As shown in the figure above, the Leaders of the three Broker clusters regularly report their synchronization status to the Active Controller:

  1. All nodes in cluster A show desired synchronization progress, so the Sync-State Set reported by the Leader includes all nodes.

B. Follower-2 in cluster B might have just started and is still synchronizing historical messages, so the Sync-State Set does not include it, and when the Leader fails, the Controller will not choose it as well.

  1. In cluster C, although Leader 1 has failed, the Controller can quickly decide to promote node 3 in the Sync-State Set to the primary position, allowing the entire cluster to operate normally. If node 3 fails again, node 2 can be chosen as the primary node without affecting the operational state of the cluster.

What are the benefits of this design? The principle behind the Raft algorithm is "voting," where peers are equal and follow a "majority rules" outcome. Therefore, for a cluster with 2n+1 nodes, Raft can tolerate up to n node failures, requiring at least n+1 nodes to remain operational. However, the 3S algorithm has an election center, and the RPC for each election is sent upward. It does not need approval from other nodes to elect a node. Therefore, for a cluster with 2n+1 nodes, it can tolerate up to 2n node failures. That means that the number of replicas does not need to exceed half of the total number of replicas and does not need to satisfy the "majority" rule. Generally, having at least two replicas is sufficient, achieving the balance between reliability and throughput.

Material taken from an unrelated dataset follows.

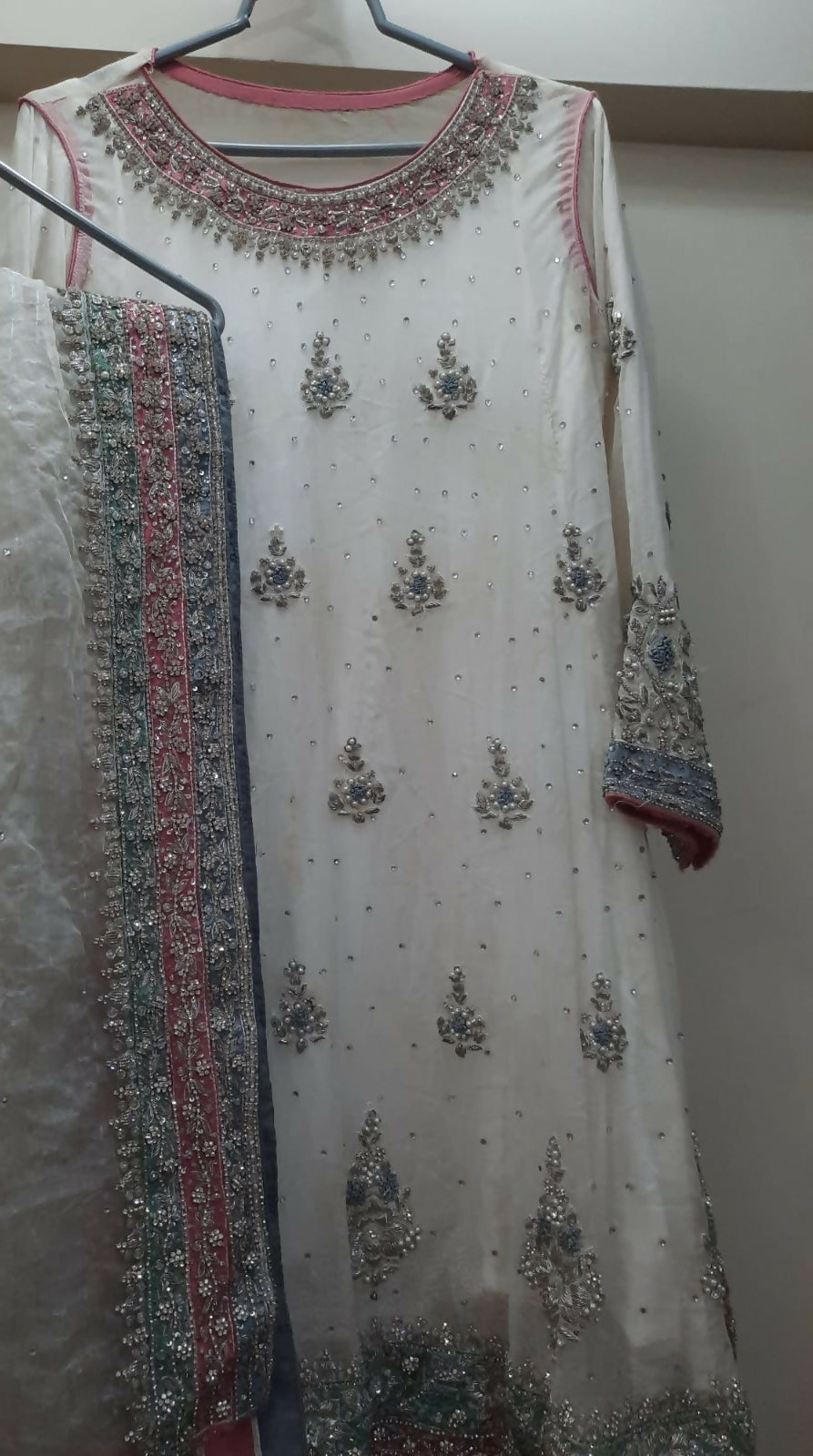 Pishwas | Women Locally Made Kurta | Large | Preloved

The above example succinctly introduces the relationship and differences between the 3S algorithm and Raft. It can be said that the design concept of the 3S algorithm originates from Raft but surpasses it in specific scenarios.

Additionally, the consensus of the 3S algorithm operates at the entire Broker level. Therefore, we optimized the timing of leader elections. The following scenarios may trigger an election (the descriptions in parentheses offer more vivid analogies for easier understanding, likening the election process to selecting a group leader):

  • Control Plane, initiated by the Controller (initiated by the class teacher):

    • HeartbeatManager detects a Broker heartbeat failure. (The class teacher notices a student has dropped out.)
    • The Controller detects a missing master in a Sync-State Set. (The class teacher finds that a group leader, although listed, is absent.)
  • Data Plane, initiated by a Broker to elect itself as master (a student volunteers to be the group leader):

    • A Broker finds no master information when querying metadata from the Controller. (A student checks the group situation regularly and asks the class teacher why there is no group leader.)
    • After the Broker registers with the Controller, it still does not obtain the master information from the controller. (After reporting in, the student finds there is no group leader and volunteers.)
  • The O&M side, initiated through RocketMQ Admin Tools (appointment by the principal).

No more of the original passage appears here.